Input data:
---+---
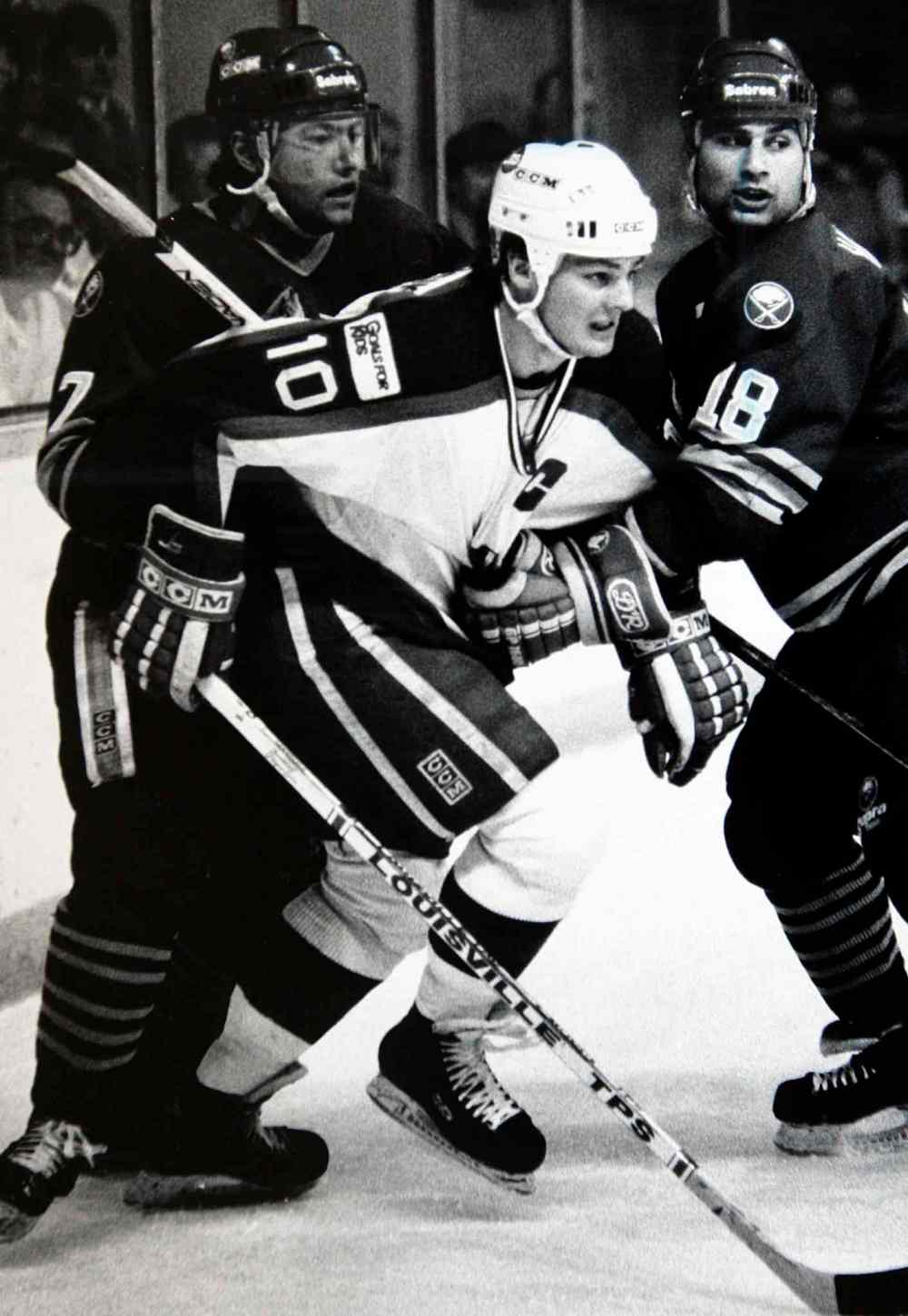 Hawerchuk draws double coverage from Buffalo Sabres John Tucker (7) and Bob Halkidis (18) at the Winnipeg Arena on Feb 12, 1988. (Jeff De Booy / Winnipeg Free Press files)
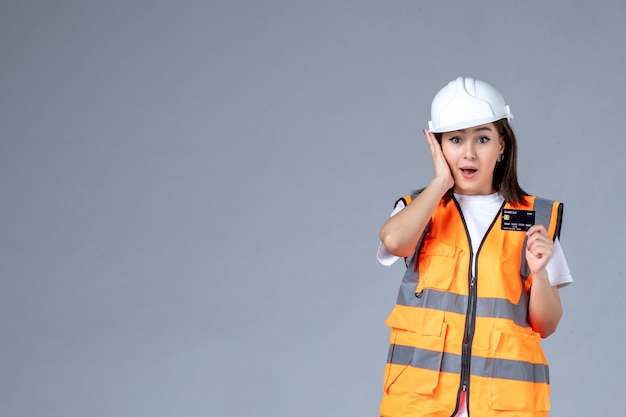Front view of female builder with black bank card in her hands on gray wall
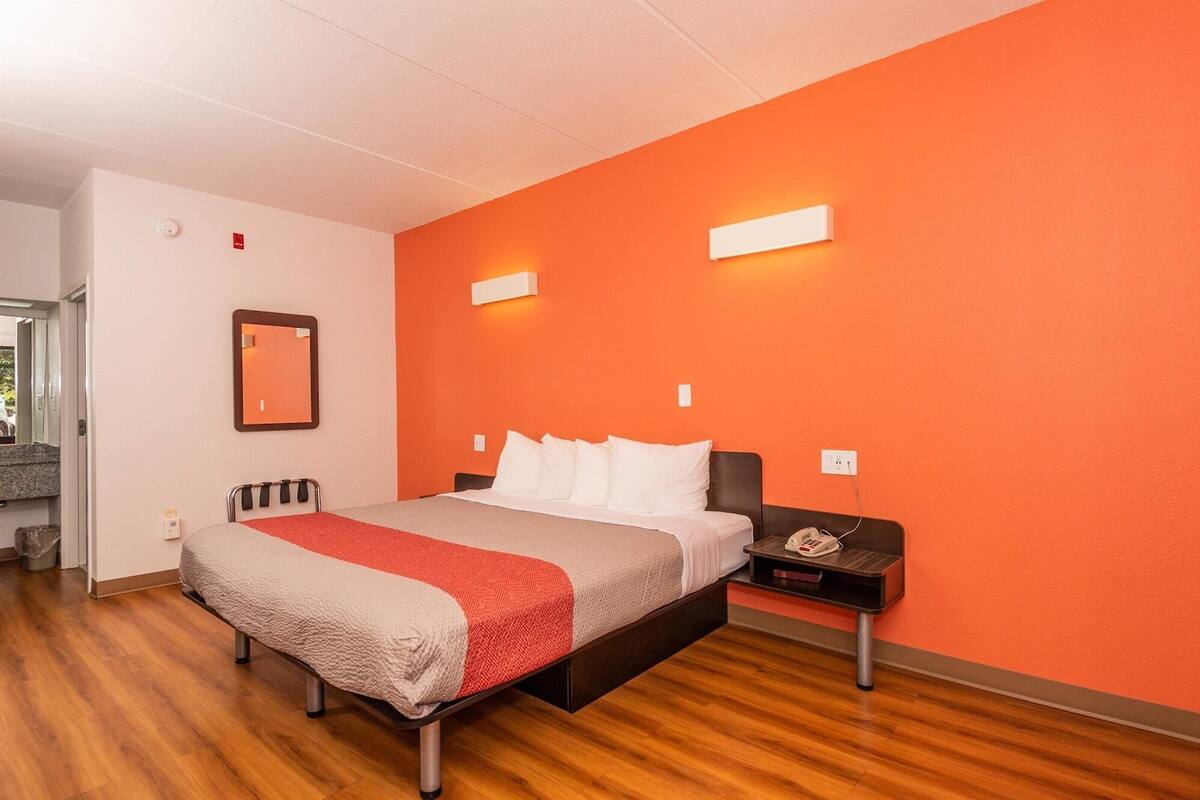 A hotel room with a bed, a nightstand, a mirror, and a red wall.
---+---
Try it:
Every line of the material must be returned verbatim, and pictures must be left behind.

Result of the task:
 Hawerchuk draws double coverage from Buffalo Sabres John Tucker (7) and Bob Halkidis (18) at the Winnipeg Arena on Feb 12, 1988. (Jeff De Booy / Winnipeg Free Press files)
Front view of female builder with black bank card in her hands on gray wall
 A hotel room with a bed, a nightstand, a mirror, and a red wall.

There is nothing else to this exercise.